Your single "Trago Coqueto," on which you sing, is very much your affectionate ode to the Caribbean and growing up in Puerto Rico. It also describes a cocktail of mezcal, ginger, and lemon. What is the deeper meaning of the lyrics (and cocktail) for you?

There wasn't really a deeper meaning to the lyrics other than an ode of wanting to go back home. It all was a stream-of-consciousness exercise in writing that kinda wrote itself. I guess if I really think about it, the theme about leaving my home and still feeling like someone that doesn't belong in the mainland U.S.A. is a theme that has rolled with me since the day I left and will probably never stop.

So much of Switched-On evokes a dreamy, breezy nostalgia — "Mi Sala," "Organ Roller," the title track.
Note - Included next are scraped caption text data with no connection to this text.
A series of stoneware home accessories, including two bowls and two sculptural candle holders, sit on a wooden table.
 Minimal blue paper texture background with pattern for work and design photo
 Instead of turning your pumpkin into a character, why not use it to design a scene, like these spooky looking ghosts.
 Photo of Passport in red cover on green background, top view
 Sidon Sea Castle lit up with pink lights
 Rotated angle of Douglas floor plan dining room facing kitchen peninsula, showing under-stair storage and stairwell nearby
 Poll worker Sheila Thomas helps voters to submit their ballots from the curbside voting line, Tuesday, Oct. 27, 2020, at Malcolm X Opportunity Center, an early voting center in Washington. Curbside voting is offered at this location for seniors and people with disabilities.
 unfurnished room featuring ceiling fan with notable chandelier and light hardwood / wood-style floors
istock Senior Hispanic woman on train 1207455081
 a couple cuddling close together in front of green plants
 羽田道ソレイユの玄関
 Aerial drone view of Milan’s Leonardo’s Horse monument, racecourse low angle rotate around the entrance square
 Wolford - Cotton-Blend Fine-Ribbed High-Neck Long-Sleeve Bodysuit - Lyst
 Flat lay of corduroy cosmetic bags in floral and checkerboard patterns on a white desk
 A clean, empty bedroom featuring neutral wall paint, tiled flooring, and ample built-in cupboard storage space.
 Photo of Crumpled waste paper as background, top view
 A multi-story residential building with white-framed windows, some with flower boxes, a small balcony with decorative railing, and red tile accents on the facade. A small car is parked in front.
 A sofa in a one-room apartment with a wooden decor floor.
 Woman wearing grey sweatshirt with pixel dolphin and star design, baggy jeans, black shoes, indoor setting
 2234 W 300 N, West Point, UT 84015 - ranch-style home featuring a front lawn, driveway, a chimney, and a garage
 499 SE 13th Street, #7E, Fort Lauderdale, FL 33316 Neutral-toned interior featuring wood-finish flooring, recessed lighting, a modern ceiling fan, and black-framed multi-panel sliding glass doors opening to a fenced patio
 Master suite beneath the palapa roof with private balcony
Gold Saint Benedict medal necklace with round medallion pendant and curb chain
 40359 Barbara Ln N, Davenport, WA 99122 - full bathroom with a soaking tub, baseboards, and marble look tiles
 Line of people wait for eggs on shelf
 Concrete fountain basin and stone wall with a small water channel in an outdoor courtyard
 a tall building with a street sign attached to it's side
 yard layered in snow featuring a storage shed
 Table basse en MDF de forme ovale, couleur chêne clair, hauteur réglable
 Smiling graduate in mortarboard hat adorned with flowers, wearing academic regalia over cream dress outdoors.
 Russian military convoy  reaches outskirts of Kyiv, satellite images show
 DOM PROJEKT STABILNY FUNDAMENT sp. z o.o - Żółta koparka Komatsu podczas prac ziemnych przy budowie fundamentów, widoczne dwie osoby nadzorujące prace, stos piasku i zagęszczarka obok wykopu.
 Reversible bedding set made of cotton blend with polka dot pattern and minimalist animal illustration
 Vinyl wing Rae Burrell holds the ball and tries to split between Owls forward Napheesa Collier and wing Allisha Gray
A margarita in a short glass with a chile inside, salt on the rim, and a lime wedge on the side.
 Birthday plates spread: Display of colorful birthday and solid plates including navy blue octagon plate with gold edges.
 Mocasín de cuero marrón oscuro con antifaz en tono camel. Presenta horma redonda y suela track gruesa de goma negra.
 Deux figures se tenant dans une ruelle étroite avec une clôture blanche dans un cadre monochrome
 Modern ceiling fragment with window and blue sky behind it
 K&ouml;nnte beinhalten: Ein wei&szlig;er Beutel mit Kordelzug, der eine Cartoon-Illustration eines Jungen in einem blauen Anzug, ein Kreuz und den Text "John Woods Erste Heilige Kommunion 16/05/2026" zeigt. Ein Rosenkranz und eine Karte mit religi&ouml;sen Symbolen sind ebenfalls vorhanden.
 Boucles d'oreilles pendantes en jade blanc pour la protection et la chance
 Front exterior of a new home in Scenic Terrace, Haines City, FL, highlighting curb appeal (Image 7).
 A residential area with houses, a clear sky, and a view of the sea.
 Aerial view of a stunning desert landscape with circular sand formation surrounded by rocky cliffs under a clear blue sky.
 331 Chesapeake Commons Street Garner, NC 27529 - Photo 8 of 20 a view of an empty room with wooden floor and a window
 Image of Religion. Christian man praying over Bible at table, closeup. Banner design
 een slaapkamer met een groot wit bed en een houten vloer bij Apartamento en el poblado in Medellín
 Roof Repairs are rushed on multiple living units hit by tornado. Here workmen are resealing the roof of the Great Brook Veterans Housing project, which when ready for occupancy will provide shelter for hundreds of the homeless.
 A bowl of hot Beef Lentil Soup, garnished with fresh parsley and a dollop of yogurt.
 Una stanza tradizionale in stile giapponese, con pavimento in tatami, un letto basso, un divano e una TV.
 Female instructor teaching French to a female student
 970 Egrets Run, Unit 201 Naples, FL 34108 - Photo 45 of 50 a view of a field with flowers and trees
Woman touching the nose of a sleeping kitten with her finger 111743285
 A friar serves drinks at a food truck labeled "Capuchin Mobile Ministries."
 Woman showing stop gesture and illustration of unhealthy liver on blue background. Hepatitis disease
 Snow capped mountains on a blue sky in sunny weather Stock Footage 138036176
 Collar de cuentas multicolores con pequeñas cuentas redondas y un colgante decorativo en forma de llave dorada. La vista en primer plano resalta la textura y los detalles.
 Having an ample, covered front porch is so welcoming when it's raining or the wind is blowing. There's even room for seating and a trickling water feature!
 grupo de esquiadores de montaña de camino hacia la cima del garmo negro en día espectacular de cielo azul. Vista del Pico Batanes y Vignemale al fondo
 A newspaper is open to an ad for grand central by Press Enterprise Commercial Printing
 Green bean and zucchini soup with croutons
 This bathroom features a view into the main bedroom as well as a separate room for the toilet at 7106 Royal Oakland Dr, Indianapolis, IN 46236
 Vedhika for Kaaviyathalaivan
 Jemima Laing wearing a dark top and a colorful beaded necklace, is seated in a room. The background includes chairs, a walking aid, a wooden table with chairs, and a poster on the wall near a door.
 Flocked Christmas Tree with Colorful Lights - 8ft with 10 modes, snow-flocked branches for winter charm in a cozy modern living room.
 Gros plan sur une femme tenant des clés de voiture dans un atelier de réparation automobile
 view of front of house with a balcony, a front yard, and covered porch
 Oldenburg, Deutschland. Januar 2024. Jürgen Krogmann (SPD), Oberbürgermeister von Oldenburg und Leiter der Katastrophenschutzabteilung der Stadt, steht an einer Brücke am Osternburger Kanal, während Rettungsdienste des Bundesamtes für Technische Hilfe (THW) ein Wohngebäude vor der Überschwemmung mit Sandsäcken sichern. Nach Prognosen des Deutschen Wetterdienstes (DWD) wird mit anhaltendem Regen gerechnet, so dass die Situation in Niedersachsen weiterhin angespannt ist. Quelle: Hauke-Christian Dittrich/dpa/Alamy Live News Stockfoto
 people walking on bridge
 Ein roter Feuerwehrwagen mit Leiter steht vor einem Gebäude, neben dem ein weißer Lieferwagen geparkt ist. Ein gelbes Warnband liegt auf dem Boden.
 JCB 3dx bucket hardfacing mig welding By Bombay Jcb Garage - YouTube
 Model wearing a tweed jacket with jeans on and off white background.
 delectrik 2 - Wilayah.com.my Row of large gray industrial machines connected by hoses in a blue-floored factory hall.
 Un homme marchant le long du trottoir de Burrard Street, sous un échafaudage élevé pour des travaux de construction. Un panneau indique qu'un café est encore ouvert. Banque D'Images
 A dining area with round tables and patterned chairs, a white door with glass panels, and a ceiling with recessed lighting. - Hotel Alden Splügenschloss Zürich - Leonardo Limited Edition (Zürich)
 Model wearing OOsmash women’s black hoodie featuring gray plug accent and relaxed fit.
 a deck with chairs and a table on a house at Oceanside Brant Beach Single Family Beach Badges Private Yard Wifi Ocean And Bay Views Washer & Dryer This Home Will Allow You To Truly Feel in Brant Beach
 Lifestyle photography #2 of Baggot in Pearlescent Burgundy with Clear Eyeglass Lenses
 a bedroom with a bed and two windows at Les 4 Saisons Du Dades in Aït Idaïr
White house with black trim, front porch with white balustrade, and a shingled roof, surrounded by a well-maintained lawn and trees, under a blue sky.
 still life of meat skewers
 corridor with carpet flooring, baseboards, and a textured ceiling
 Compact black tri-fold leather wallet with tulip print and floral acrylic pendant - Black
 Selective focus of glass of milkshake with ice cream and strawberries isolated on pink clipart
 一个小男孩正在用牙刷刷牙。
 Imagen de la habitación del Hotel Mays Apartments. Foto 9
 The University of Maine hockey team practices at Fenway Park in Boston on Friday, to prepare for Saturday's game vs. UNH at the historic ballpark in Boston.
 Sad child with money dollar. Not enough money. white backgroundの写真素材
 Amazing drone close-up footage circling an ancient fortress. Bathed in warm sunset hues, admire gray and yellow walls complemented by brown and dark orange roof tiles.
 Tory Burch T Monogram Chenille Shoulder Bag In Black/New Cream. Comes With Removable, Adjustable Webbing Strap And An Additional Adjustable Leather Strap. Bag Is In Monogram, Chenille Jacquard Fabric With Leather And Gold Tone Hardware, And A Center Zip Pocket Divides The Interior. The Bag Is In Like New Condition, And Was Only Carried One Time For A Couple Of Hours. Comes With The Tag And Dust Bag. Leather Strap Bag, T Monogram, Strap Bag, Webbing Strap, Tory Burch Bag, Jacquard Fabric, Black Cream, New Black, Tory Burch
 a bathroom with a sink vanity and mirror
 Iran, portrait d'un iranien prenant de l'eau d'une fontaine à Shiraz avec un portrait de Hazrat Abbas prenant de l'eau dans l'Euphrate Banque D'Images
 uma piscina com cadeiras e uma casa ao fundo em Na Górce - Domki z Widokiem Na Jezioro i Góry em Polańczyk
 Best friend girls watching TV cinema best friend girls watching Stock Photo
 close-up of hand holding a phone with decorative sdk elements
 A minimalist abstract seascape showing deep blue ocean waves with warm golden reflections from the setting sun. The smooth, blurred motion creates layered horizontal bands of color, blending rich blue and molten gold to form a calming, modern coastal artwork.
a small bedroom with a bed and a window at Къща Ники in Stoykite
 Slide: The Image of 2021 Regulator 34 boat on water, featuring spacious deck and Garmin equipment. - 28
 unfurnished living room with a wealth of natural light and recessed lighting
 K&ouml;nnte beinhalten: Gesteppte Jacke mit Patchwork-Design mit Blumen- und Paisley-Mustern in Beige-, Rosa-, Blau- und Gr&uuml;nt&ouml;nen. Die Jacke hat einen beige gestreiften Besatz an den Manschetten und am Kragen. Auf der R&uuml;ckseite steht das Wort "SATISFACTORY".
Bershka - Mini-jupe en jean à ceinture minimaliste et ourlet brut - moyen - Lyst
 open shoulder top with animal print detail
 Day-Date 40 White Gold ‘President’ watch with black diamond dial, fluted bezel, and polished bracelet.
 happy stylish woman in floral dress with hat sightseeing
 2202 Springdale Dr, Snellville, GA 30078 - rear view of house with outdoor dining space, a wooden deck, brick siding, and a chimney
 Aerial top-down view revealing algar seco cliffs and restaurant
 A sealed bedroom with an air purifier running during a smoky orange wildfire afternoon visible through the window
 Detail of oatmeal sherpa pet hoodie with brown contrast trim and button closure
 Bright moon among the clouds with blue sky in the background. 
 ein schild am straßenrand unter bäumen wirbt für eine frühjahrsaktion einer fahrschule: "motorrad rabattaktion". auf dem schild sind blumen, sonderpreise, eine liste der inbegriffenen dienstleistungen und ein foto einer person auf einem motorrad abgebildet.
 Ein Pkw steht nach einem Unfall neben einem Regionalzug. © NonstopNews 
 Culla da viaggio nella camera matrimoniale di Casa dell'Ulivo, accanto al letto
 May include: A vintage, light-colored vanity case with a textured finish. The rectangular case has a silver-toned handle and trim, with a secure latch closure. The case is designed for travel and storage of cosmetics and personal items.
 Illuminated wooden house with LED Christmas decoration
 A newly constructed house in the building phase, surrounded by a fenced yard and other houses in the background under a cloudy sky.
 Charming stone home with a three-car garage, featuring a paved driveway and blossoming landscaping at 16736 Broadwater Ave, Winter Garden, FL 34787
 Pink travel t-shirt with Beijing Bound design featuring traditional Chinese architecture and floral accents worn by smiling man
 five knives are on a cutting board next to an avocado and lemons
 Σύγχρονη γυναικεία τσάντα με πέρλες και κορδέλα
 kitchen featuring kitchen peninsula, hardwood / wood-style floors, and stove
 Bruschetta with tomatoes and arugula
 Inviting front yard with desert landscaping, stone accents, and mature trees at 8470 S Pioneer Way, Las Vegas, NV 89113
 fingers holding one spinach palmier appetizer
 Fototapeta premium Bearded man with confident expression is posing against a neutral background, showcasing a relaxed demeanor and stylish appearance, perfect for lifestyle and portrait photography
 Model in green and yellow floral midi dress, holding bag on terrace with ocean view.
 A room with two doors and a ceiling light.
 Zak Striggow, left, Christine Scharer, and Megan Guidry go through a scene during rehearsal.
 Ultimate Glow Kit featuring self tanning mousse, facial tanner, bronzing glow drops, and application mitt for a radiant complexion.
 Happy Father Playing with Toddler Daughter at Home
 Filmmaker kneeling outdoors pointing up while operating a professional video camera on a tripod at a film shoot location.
In addition to lovers rock, Jamaica's Studio One and artists like King Tubby and Scientist, you were also inspired by Boards of Canada. You can definitely hear where their debut, Music Has the Right to Children, impacted you on this album — what draws you to their music?

To me, BoC makes music that doesn't sound like anything else. I think it's because of their harmonic and melodic sensibilities, mixed with their ongoing use of ultra-processed tape samples, makes their music instantly nostalgia inducing in a way that can be eerie at times. They know how to create different worlds in their music and they're very aware of that. Also, the sounds they shape with their synthesizers spoke to me more than any other band or artist at the time I discovered them and that sound aesthetic has lived within me ever since.

The Korg Poly 800 synth plays a large role on Switched-On. Can you explain its resonance in the Puerto Rican music scene of the '90s that you're referencing?

I don't think the Korg Poly 800 has anything to do with Puerto Rican music at all; at least not to my knowledge. I will say that Puerto Rican reggae bands in the '90s definitely used synthesizers way more than our Jamaican predecessors, but even that can be a subject for debate. I will say that synths and drum machines in Jamaica shaped music entirely in the late '80s and early '90s and that completely changed the way "urban" music was being made in Puerto Rico.

National Hispanic Heritage Month begins on September 15 — is there a particular Hispanic/Latine musician or writer that has influenced you whom you don't believe has gotten the accolades that they deserve and why?

Mima. She's been a bastion of creativity, writing, music, theater and arts for over 20 years in Puerto Rico and still going strong. She's a known entity all over the island and in different parts of the world, but I believe today's music industry is hyper-focusing on other styles of urban pop music that are coming out of the island.